41.5 Woningsplitising twee-aan-een-gebouwde woningen
Burgemeester en wethouders kunnen het bestemmingsplan wijzigingen te einde woningen ter plaatse van de aanduiding 'twee-aaneen' of 'aaneengebouwd' te splitsen in maximaal twee vrijstaande woningen onder voorwaarde dat:
- het niet betreft de splitsing van cultuurhistorisch waardevolle bebouwing;
- na splitsing het bepaalde in artikel 22 Wonen onverkort van toepassing is;
- er geen onevenredige aantasting mag plaatsvinden van de in de naaste omgeving aanwezige ruimtelijke functies en waarden;
- de belangen van de eigenaren en/of gebruikers van betrokken en nabijgelegen gronden mogen niet onevenredig worden geschaad;
- bij een aanpassing van het erf wordt voorzien in een goede landschappelijke inpassing;
- dat het wijzigingsplan milieutechnisch aanvaardbaar is;
- dat het wijzigingsplan economisch uitvoerbaar is;
- verhaal van gemeentelijke (plan-)kosten is zekergesteld;
- dat het wijzigingsplan stedenbouwkundig inpasbaar is.

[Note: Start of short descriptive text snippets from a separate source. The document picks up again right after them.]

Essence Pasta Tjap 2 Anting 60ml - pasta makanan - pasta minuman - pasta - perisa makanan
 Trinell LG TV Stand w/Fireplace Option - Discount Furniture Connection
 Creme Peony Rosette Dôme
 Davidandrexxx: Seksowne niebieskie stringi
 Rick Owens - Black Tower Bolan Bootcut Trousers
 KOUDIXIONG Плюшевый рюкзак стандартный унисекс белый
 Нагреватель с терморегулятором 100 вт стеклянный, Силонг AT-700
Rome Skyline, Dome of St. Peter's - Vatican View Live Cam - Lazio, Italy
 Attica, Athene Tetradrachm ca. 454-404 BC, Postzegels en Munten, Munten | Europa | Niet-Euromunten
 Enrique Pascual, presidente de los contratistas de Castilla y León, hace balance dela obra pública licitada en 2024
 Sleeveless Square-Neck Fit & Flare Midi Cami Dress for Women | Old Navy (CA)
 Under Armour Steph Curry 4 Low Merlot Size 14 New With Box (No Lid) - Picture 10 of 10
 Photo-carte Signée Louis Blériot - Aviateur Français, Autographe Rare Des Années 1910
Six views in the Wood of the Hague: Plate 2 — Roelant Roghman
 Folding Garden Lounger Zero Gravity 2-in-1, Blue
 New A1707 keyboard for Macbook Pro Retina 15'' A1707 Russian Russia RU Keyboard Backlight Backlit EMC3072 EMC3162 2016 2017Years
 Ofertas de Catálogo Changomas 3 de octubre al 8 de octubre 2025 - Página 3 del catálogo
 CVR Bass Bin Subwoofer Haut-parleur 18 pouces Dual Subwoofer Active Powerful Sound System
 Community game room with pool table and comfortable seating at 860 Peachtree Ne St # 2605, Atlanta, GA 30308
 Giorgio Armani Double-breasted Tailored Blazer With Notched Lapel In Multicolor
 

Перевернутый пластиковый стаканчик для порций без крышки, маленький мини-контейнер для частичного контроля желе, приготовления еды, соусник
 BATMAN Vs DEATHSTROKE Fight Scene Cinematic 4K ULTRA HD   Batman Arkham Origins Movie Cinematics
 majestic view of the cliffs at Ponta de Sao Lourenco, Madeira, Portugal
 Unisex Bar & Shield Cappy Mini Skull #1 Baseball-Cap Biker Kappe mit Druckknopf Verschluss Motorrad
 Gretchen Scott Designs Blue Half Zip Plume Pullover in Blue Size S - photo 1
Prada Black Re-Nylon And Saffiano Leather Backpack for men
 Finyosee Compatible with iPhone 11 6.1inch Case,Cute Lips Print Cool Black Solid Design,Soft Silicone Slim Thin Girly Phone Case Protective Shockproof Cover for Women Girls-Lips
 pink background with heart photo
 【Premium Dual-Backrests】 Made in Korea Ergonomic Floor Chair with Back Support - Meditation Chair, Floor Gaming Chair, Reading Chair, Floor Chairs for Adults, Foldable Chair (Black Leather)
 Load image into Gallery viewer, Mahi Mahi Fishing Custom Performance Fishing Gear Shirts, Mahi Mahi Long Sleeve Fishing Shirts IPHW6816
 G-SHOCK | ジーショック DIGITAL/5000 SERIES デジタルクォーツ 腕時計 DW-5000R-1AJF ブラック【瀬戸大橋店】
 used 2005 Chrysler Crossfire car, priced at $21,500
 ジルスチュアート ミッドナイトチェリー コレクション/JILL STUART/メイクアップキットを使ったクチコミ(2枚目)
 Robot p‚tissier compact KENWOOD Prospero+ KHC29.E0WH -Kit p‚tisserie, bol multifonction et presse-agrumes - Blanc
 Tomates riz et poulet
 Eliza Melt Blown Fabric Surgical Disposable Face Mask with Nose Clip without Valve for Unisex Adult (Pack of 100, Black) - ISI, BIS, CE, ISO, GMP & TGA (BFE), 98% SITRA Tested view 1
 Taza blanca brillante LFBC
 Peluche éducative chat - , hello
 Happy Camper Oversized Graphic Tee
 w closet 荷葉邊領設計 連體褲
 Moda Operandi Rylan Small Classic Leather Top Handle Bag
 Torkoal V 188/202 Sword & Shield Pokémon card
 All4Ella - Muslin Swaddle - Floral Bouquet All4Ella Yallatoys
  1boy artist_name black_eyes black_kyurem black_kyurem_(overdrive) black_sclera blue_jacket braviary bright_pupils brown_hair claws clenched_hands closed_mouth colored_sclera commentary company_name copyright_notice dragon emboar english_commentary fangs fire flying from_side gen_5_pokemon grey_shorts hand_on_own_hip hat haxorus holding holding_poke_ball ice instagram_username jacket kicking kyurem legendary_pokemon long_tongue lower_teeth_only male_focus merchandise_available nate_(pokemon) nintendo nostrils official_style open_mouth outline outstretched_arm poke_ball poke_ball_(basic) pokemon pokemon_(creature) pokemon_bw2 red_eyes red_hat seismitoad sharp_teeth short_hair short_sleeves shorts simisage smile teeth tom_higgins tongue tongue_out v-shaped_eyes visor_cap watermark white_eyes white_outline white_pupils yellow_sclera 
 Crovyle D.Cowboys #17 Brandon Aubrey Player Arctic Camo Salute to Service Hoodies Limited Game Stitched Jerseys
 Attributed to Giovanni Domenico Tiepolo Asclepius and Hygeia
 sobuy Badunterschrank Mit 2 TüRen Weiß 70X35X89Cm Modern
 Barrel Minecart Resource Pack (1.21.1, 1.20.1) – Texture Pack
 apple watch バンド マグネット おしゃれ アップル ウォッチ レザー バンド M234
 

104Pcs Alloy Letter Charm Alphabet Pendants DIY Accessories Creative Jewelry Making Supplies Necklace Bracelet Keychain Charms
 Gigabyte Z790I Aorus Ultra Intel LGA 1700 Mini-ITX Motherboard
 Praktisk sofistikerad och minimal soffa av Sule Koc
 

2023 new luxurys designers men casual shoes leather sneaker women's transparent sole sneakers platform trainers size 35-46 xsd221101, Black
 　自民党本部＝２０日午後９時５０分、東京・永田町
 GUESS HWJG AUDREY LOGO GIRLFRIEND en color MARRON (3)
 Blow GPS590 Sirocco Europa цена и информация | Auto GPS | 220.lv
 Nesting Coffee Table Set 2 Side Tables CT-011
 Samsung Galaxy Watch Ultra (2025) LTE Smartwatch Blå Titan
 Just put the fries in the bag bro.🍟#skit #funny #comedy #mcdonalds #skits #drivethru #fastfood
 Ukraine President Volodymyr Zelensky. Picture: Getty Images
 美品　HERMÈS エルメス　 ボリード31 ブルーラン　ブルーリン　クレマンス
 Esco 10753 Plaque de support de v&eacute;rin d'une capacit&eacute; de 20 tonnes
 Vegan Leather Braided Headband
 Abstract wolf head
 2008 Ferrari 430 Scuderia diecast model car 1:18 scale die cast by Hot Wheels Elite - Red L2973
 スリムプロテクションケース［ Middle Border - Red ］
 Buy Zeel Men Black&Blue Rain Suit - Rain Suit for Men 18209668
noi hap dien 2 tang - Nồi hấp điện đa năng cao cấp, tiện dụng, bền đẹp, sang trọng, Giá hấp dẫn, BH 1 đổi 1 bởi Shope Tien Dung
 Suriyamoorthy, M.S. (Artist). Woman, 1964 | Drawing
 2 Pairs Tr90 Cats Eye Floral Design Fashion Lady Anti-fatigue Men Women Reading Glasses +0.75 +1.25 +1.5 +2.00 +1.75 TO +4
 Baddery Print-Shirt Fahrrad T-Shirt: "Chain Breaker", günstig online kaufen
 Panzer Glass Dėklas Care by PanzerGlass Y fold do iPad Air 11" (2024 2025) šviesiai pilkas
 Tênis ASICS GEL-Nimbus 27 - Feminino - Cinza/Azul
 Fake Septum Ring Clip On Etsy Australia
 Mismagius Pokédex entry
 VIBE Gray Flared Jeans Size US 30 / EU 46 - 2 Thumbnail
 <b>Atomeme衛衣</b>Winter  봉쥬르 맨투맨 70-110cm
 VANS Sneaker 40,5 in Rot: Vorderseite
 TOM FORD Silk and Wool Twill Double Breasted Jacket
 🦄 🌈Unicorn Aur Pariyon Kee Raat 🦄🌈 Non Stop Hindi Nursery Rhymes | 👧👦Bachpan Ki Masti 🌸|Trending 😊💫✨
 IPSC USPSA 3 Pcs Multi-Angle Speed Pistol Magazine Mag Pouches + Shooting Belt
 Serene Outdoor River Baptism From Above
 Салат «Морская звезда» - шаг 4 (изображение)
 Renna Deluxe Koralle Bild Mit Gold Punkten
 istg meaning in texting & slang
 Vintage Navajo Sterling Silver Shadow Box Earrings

41.6 Ten behoeve van geringe overschrijdingen van bestemmingsgrenzen en bouwgrenzen
Burgemeester en wethouders kunnen het plan wijzigen ten behoeve van geringe afwijkingen van de in het plan aangegeven bestemmingsgrens, van het beloop of het profiel van een weg, alsmede van de vorm van bouwvlakken voor zover zulks bij de definitieve uitmeting, bij de verkaveling of bij de nadere detaillering noodzakelijk en/of wenselijk is, mits de genoemde afwijkingen niet meer van 10% bedragen.
41.7 Ten behoeve van hulpgebouwen
- Burgemeester en wethouders kunnen het plan wijzigen ten einde de specifieke bouwaanduiding 'hulpgebouw' of 'hulpgebouw - 76' op de verbeelding op te nemen onder voorwaarde dat:
- het betreft het opnemen van de aanduiding voor een hulpgebouw waarvoor in het verleden een omgevingsvergunning is afgegeven of welke aantoonbaar voor 1976 is opgericht;
- het opnemen van de aanduiding niet tot gevolg heeft dat het aanwezige hulpgebouw in omvang kan worden vergroot.
- Burgemeester en wethouders kunnen het plan wijzigen ten einde de specifieke bouwaanduiding 'hulpgebouw' of 'hulpgebouw - 98' op de verbeelding op te nemen onder voorwaarde dat:
- het betreft het opnemen van de aanduiding voor een hulpgebouw waarvoor in het verleden een omgevingsvergunning is afgegeven of welke aantoonbaar voor 1998 is opgericht;
- de goothoogte van het hulpgebouw niet meer mag bedragen dan maximaal 2,5 meter;
- de bouwhoogte van het hulpgebouw niet meer mag bedragen dan maximaal 3 meter;
- het oppervlak van het hulpgebouw niet meer mag bedragen dan maximaal 30 m2.